Part of the research process involves mapping the software to business functions and identify capability gaps, said Wilcox. If not, organizations sometimes come across unintended consequences of a consolidation. For example, it will install a new platform, then realize that for some reason it can’t migrate data out of the old platform or that it is obligated to pay for the older systems’ licenses for the next three years. An application portfolio management solution could help, she said, but it mainly requires having conversations with people.
When Sandie Terry took the position of CIO in southwestern Virginia’s Franklin County eight years ago, one of her first projects was taking an inventory of applications. All of them were developed in-house anywhere from 10 to 30 years ago, many involving COBOL running in a Windows environment. Most of the applications were stovepiped, with data entry duplicated in different systems.
During her tenure as CIO, she has systematically eliminated dozens of applications and replaced them with a handful of commercial solutions that are more tightly integrated and tied into the county GIS.

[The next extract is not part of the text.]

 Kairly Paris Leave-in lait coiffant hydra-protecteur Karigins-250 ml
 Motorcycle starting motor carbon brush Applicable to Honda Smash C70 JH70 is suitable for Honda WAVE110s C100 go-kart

“First, I put in a help desk tracking function to see which applications required most handholding by IT and which had the highest overhead,” she said. “Some required a lot of work for my staff to handle the business processes because they weren’t end-user friendly.”
Before replacing them, Terry took a spreadsheet of all her applications to a peer group called Virginia Local Government IT Executives. “I asked other county CIOs what they were using for those functions,” she said. “From their answers I could see if there were viable commercial offerings and a clear market leader,” she said.
Franklin County’s work involving land management staff and software is a good example of how application consolidation can help improve business processes. In January 2008, a new land management system was installed that called for a huge cultural change. “One of my IT people spent 60 days in that functional area modifying their business processes to better use the system,” Terry said.
Previously one group had its own software to handle building permits and inspections while another group used different software to handle zoning applications. “Each had its own stovepiped application and didn’t share data,” she recalled. “This new commercial land management solution replaces both of those with one tightly integrated system, and in fact the employees are now in one physical space.”
Terry’s advice to other CIOs who are just starting down this road? “Tackle the low-hanging fruit first,” she said. “Let your team in IT gradually get better at implementing these changes, especially if staff in functional areas are being consolidated at the same time.”
Application consolidation is a huge undertaking that does not happen overnight. In October 2010, the Office of the Chief Information Technology Architect of Kansas prepared an IT consolidation feasibility study at the request of the state Legislature.
Among other things, the report recommended that Kansas develop a consolidation strategy and road map for all middleware applications used by state agencies, including document management, workflow, enterprise service buses, business intelligence, call center, customer relationship management and data warehouse.
“We are still in the studying and planning stage, although we have received positive feedback from the legislative group that requested the report and the new administration,” said Bill Roth, the state’s chief information technology architect. His office found six different products in use after just looking into document management systems. “If we start to look at things from an enterprise level, we can help stabilize investment in IT,” he said. “But it is a big task, and we have to develop a framework and attack it one step at a time.”